General Expanse Tension Theory (GETT): Hypothesis 4 Complete Single-Field Unification of the Standard Model and Gravity via the Universal Coupling Modulation Equation (UCME)

The Final Abolition of Arbitrary Parameters and the Density-Dependent
Origin of All Dimensionless Constants

We present General Expanse Tension Theory (GETT) Hypothesis 4, a unified framework in which all fundamental interaction strengths, particle masses, mixing parameters, and the effective gravitational coupling arise from a single mechanism: density-dependent modulation by the universal Holland–Higgs scalar field Φ.  Building upon the gravitational results of ETT Hypothesis 3, we construct a gauge-invariant Φ-portal Lagrangian that dynamically modulates every Standard Model parameter through the Universal Coupling Modulation Equation (UCME).

This is an attempt to unify all entities in the Standard Model into a single field.

This is an attempt at a single field Theory of Everything.

Must be read in relation to Zenodo Documents:

No. 17533253 - referred to as Part A.

Expanse Tension Theory Hypothesis 3: The Holland–Higgs Field as a Single Scalar Unification of Mass, Gravity, and Cosmic Expansion.

No. 17612861 - referred to as Part B.

Expanse Tension theory (ETT) Hypothesis 3 – Part B: A Density-Dependent Breakdown of Higgs Mass Licensing and therefore the de-emergence of Gravity, Weight, Inertia, and Time in the ultra-dense regime

At terrestrial densities the Standard Model is exactly recovered; at higher or lower densities, Φ induces predictable variations in gauge couplings, Yukawa strengths, the Higgs VEV, neutrino masses, and the effective gravitational constant.  This mechanism explains a wide range of unresolved phenomena, including cosmic acceleration, the Hubble tension, fine-structure variation hints, neutron-star anomalies, supernova neutrino behaviour, and the absence of singularities, while remaining fully consistent with laboratory physics.  GETT introduces no new symmetries or exotic particles, instead unifying physical laws through a single dynamical scalar field.  The framework yields a broad and highly testable set of predictions across cosmology, astrophysics, particle physics, and precision laboratory experiments, establishing GETT as a parsimonious and empirically grounded path toward unification.

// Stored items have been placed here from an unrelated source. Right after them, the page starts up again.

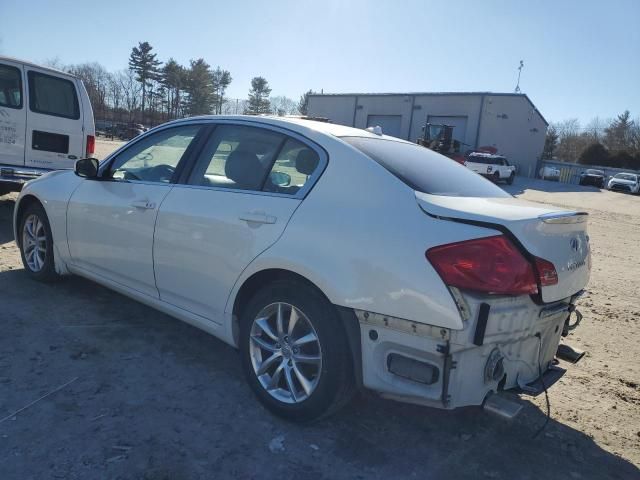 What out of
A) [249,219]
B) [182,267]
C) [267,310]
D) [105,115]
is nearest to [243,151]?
[249,219]

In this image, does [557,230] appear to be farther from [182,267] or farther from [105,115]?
[105,115]

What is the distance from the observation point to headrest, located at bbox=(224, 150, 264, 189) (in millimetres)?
3180

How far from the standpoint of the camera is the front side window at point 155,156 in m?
3.71

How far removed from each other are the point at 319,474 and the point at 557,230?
5.64 ft

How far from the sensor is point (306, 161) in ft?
9.90

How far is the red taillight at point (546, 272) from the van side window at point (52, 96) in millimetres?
7339

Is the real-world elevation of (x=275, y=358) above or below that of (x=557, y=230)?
below

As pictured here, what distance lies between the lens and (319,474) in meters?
2.53

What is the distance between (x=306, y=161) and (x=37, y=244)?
126 inches

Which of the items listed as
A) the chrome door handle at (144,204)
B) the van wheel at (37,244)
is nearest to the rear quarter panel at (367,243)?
the chrome door handle at (144,204)

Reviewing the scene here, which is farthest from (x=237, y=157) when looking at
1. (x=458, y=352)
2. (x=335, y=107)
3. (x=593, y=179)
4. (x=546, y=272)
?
(x=335, y=107)

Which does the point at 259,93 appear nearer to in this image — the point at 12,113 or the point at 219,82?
the point at 219,82

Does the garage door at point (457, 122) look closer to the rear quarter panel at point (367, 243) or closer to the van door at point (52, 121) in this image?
the van door at point (52, 121)

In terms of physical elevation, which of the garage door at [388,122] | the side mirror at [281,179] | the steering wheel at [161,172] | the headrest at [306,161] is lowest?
the steering wheel at [161,172] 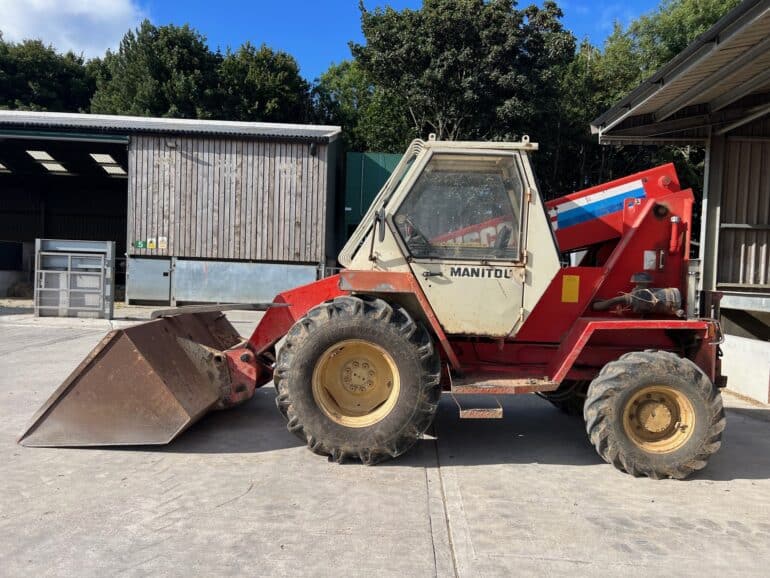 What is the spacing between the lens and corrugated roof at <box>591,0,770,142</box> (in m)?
6.67

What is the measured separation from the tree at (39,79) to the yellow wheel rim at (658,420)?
3273 cm

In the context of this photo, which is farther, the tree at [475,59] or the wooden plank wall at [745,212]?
the tree at [475,59]

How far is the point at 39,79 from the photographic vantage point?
96.7 ft

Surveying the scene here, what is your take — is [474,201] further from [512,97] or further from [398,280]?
[512,97]

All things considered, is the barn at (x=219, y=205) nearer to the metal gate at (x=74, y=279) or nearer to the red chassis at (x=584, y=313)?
the metal gate at (x=74, y=279)

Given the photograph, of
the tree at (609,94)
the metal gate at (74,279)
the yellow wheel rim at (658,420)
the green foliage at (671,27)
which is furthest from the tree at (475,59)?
the yellow wheel rim at (658,420)

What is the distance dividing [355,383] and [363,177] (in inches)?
637

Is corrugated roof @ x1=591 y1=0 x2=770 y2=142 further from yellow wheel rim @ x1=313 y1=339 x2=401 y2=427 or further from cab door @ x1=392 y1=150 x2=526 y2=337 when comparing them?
yellow wheel rim @ x1=313 y1=339 x2=401 y2=427

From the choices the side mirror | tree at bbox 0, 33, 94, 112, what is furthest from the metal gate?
tree at bbox 0, 33, 94, 112

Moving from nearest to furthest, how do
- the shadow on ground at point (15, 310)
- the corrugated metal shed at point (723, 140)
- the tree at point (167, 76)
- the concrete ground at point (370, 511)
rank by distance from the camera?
1. the concrete ground at point (370, 511)
2. the corrugated metal shed at point (723, 140)
3. the shadow on ground at point (15, 310)
4. the tree at point (167, 76)

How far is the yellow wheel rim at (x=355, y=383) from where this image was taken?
4.34m

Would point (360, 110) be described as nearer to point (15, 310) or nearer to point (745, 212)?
point (15, 310)

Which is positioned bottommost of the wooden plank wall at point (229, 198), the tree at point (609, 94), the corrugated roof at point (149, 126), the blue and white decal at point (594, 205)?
the blue and white decal at point (594, 205)

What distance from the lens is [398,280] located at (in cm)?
434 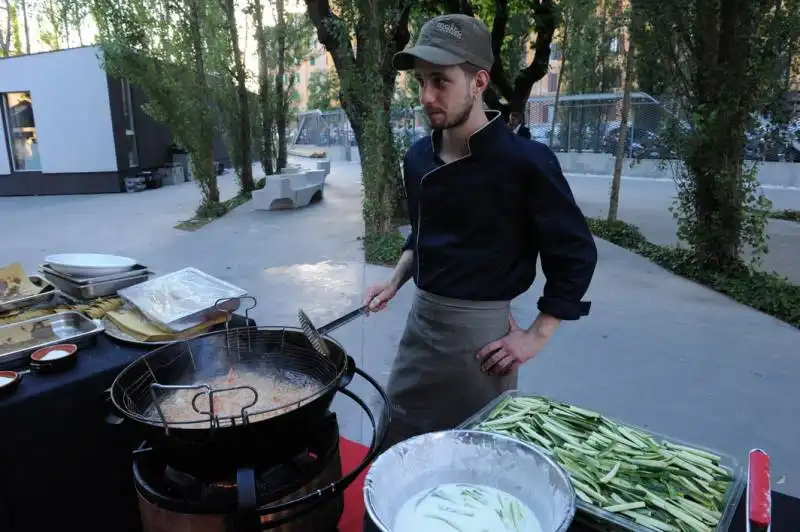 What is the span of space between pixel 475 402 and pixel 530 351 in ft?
1.01

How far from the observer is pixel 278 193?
41.5 ft

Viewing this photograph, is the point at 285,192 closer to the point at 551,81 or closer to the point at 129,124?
the point at 129,124

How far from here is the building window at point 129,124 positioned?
676 inches

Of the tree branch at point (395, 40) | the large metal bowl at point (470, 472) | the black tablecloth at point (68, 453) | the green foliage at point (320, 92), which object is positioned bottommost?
the black tablecloth at point (68, 453)

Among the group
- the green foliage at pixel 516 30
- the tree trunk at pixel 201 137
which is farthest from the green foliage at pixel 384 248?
the tree trunk at pixel 201 137

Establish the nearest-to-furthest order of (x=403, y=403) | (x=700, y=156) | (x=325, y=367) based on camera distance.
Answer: (x=325, y=367) < (x=403, y=403) < (x=700, y=156)

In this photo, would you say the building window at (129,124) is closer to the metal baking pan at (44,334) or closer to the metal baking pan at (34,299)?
the metal baking pan at (34,299)

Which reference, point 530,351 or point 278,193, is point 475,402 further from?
point 278,193

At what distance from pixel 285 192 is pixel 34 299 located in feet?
33.7

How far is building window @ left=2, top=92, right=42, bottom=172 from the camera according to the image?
1642cm

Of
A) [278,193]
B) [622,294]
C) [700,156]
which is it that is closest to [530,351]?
[622,294]

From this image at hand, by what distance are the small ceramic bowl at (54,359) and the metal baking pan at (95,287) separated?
616 mm

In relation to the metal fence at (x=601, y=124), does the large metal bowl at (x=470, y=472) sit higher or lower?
lower

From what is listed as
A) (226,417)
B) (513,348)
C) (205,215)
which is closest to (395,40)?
(205,215) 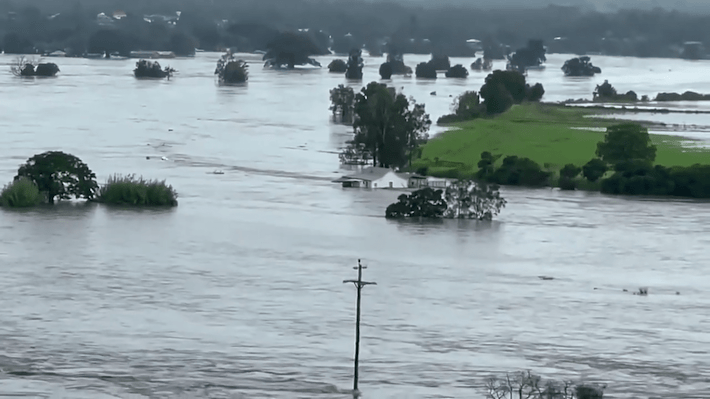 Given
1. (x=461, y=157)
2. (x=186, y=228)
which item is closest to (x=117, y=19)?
(x=461, y=157)

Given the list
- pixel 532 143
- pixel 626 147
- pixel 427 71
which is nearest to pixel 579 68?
pixel 427 71

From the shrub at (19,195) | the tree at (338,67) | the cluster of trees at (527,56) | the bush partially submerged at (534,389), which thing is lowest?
the bush partially submerged at (534,389)

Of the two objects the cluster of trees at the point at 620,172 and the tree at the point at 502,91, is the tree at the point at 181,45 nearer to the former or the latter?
the tree at the point at 502,91

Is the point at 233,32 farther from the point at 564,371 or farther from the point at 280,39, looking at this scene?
the point at 564,371

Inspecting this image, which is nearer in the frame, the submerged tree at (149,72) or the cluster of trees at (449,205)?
the cluster of trees at (449,205)

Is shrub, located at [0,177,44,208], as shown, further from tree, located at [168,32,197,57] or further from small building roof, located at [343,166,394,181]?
tree, located at [168,32,197,57]

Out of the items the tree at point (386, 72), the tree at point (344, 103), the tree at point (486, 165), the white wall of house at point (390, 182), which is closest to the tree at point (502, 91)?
the tree at point (344, 103)

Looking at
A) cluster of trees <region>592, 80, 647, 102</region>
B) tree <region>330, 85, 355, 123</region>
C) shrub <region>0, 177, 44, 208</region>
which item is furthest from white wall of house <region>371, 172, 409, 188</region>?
cluster of trees <region>592, 80, 647, 102</region> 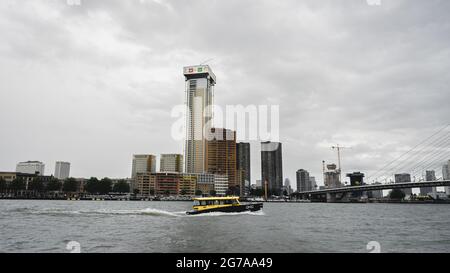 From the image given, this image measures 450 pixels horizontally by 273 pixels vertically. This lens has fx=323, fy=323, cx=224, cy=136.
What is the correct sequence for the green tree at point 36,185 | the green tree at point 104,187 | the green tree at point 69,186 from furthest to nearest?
the green tree at point 104,187
the green tree at point 69,186
the green tree at point 36,185

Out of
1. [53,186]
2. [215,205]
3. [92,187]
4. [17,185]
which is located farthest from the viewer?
[92,187]

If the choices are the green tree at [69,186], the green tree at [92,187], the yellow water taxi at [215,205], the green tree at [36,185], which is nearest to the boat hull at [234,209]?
the yellow water taxi at [215,205]

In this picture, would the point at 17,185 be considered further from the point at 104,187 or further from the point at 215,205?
the point at 215,205

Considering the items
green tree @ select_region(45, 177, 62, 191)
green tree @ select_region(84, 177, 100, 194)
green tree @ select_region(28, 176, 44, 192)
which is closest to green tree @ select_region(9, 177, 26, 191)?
green tree @ select_region(28, 176, 44, 192)

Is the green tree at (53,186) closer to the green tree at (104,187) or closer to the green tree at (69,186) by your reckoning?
the green tree at (69,186)

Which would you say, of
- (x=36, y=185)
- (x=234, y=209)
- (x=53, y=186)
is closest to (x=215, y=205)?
(x=234, y=209)

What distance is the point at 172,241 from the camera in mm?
18203

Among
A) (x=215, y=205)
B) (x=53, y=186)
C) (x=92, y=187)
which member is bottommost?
(x=215, y=205)

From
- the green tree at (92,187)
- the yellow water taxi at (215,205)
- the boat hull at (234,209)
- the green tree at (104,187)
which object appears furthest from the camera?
the green tree at (104,187)

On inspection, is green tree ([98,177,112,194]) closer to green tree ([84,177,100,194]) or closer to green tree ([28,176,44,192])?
green tree ([84,177,100,194])

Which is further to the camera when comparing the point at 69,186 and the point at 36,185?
the point at 69,186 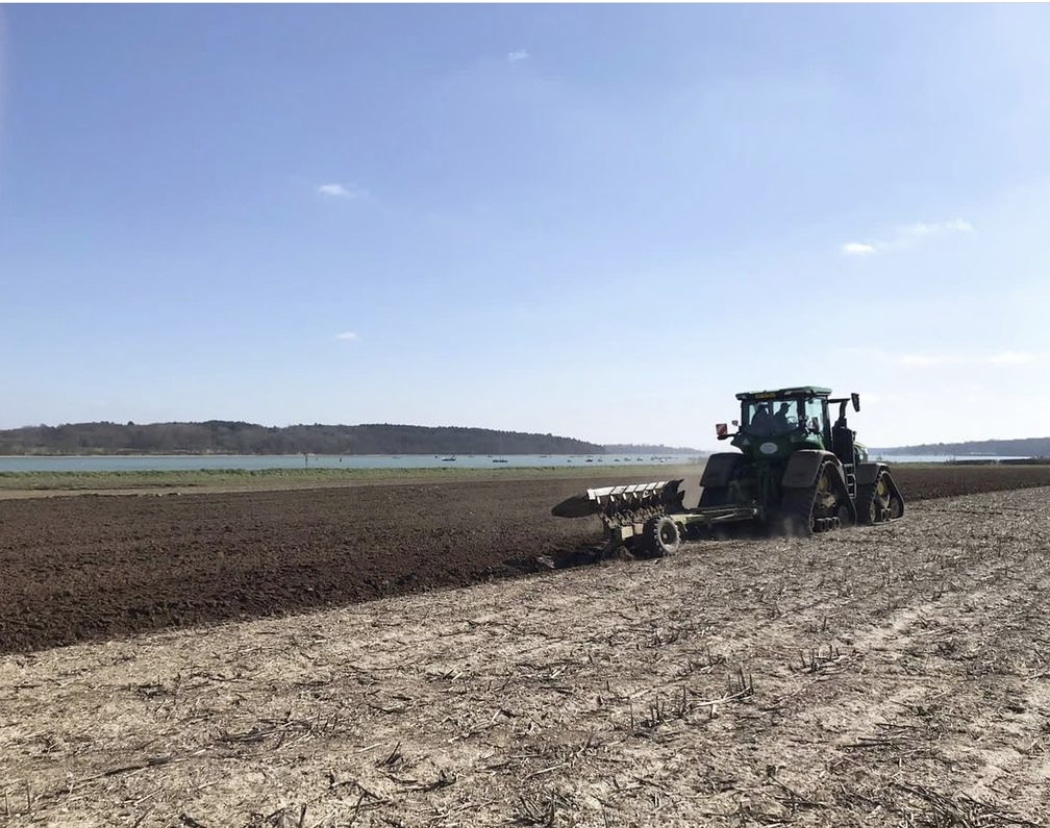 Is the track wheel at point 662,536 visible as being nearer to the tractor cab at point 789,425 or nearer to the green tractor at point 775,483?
the green tractor at point 775,483

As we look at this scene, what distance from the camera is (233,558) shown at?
12602 mm

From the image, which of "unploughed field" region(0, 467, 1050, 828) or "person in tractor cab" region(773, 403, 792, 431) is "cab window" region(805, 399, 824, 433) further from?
"unploughed field" region(0, 467, 1050, 828)

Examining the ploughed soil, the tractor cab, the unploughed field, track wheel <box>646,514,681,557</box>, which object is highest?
the tractor cab

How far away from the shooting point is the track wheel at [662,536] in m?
12.0

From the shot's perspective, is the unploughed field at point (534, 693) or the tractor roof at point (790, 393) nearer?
the unploughed field at point (534, 693)

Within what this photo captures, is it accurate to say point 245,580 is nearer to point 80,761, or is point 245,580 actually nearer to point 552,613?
point 552,613

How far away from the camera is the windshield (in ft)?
48.5

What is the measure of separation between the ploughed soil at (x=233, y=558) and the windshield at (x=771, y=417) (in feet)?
8.00

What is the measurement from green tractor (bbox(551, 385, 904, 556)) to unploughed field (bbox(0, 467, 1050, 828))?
1.43 m

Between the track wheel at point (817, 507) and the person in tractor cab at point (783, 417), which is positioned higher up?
the person in tractor cab at point (783, 417)

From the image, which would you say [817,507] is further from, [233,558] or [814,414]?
[233,558]

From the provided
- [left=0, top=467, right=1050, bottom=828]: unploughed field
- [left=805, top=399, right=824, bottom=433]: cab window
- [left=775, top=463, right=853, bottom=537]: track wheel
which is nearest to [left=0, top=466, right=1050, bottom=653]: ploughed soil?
[left=0, top=467, right=1050, bottom=828]: unploughed field

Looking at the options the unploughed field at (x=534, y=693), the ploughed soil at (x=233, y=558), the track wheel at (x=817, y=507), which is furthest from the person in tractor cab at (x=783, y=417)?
the unploughed field at (x=534, y=693)

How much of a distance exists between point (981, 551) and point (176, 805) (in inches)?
467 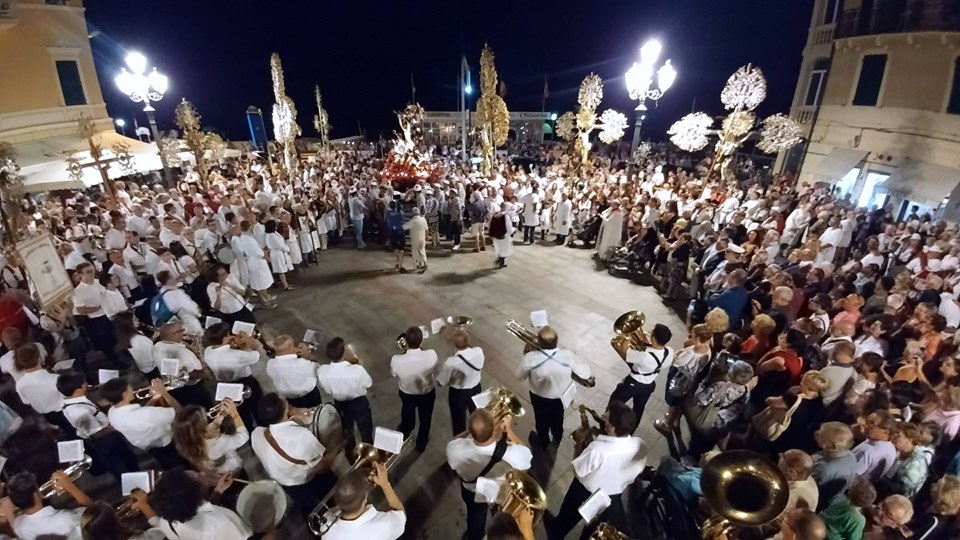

If validated, GETT Hypothesis 4 constitutes the first and only known renormalisable, minimally extended Standard Model that explains every major anomaly in cosmology, astrophysics, and particle physics using zero new particles, zero extra dimensions, and one universal mechanism in perfect agreement with all existing data.

v1.1 Update:  9th December 2025.  In response to a challenge that existing measurements are extremely precise, yes, however, humans have never tested beyond the low-density threshold: 
Empirical Constraints and the Unprobed Low-Density Regime.
Although the electromagnetic fine-structure constant α and the proton–electron mass ratio μ are among the most tightly constrained quantities in physics, all existing measurements—laboratory, atomic-clock, ISM, and quasar absorption—probe environments with densities between 10⁻¹⁷ and 10⁻²⁶ kg·m⁻³. These regions lie many orders of magnitude above the ultra-low-density regime (ρ ≲ 10⁻²⁸–10⁻³² kg·m⁻³) in which the Universal Coupling Modulation Equation (UCME) predicts significant gauge-sector sensitivity to the Holland–Higgs field Φ. No current experiment or astronomical observation has ever isolated, sampled, or spectroscopically measured atomic transitions in genuine deep-void interiors where expanse tension dominates. Thus, the frequently cited constraints on Δα/α and Δμ/μ do not apply to the domain in which GETT predicts modulation. In this sense, GETT does not conflict with observational bounds; instead, it identifies a previously untested region of density space and converts it into a clear, falsifiable prediction for future ultra-void spectroscopy (e.g., ELT/SKA/PRIMA). Until α and μ are measured in these genuinely low-density environments, the GETT predictions remain entirely compatible with existing empirical data while extending the frontier of testable physics.